In problem about vanishing gradient of problem set 8, I obtained the bound 1/4 given by derivative of sigmoid, but I don't succeed to get the multiplication by 3 with my calculations despite the explications in the solutions. Can anyone help me please? Thanks in advance!
Since you have three nodes per layer you have to multiply the sigmoid's derivative (or here, maximum derivative) by three when you are doing the chain rule. Indeed, if you consider W(l) for the three elements it is, you'll see that if you take the element wise derivative of each layer, all three of the elements of W(l) depend on W(1,1), adding the factor of three in the solution.
But then the vanishing gradient would disappear if we had 4 nodes?

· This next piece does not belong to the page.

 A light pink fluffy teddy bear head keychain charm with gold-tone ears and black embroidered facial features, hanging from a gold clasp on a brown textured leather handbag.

Hmm I didn't think of this, but I suppose the vanishing gradient is solved by having a large number of hidden nodes per layer. However, if you only had 4 nodes as you proposed, the vanishing gradient could still very much so be a problem, as the sigmoid's maximum gradient is 1/4, although it is most of the time at a smaller value than this. However, this would be much harder to prove mathematically rigorously, hence why they gave us 3 nodes per layer in the network. In real life though, even with a relatively high number of nodes (say 100), if your data gives you a small gradient per data point, it's possible that you get a vanishing gradient as the number of layers increases as the gradient might be too small that even if you are (effectively) multiplying it by 100. This is of course more difficult to understand or prove mathematically, but I hope it makes sense in terms of the intuition of the problem.